CAIRO: Iraqi Prime Minister Adel Abdul Mahdi sought Egypt’s support for efforts to tackle extremist militants in the region during a visit to Cairo on Saturday, his first trip abroad since taking office in October.
After meeting Egyptian President Abdel Fattah El-Sisi, Abdul Mahdi highlighted “the importance of drying up the sources of terrorism” and said “cooperation between Egypt and Iraq will be essential for this matter,” according to an official statement.
His comments came as US-backed forces said they had captured Daesh’s last shred of territory in eastern Syria at Baghouz, ending its territorial rule over a self-proclaimed caliphate straddling Syria and Iraq after years of fighting.
Though the defeat ends the group’s grip over the extremist quasi-state that it declared in 2014, it remains a threat.
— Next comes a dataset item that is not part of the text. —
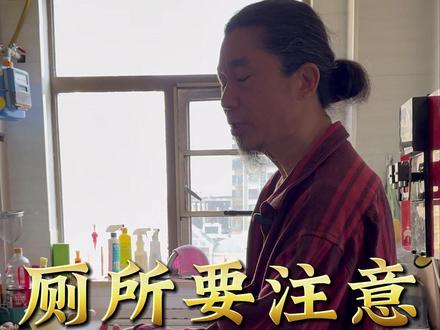 房屋厕所这些要注意#装修 #房屋避坑 #房屋装修 #房屋设计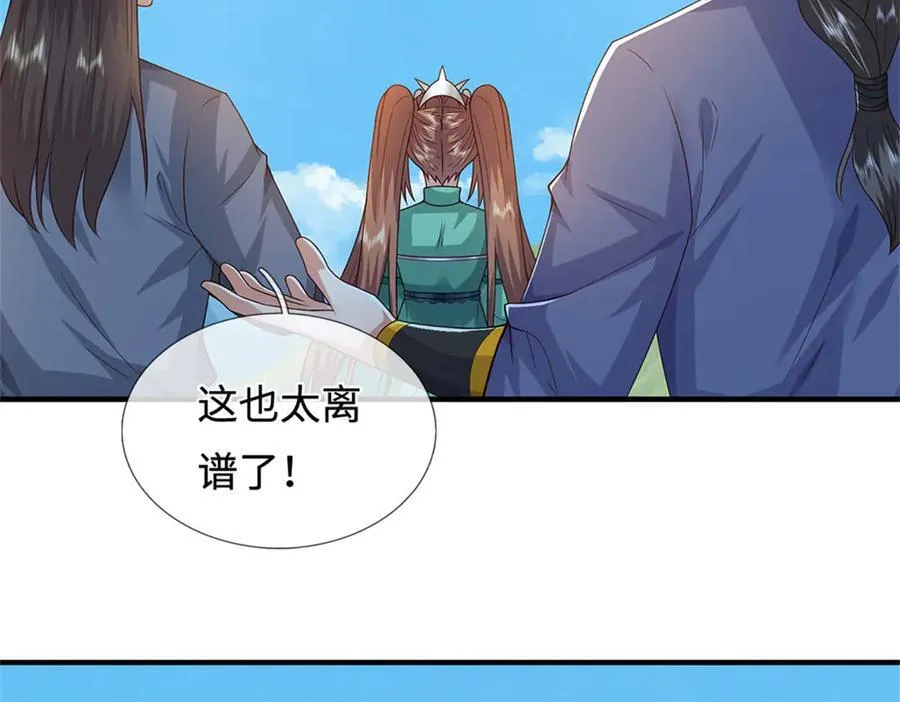 第232话 知识盲区 第39页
Some Daesh fighters still hold out in Syria’s remote central desert and in Iraqi cities they have slipped into the shadows, staging sudden shootings or kidnappings and awaiting a chance to rise again.
The United States thinks the group’s leader, Abu Bakr Al-Baghdadi, is in Iraq.
Defeating militants in Egypt’s Sinai Peninsula and restoring security after years of unrest has been a key promise of El-Sisi, the general-turned-president who came to power a year after the military overthrew Islamist President Mohammed Mursi in 2013.
Egypt has fought an insurgency waged by a Daesh affiliate in North Sinai since 2013. Hundreds of members of the security forces have been killed.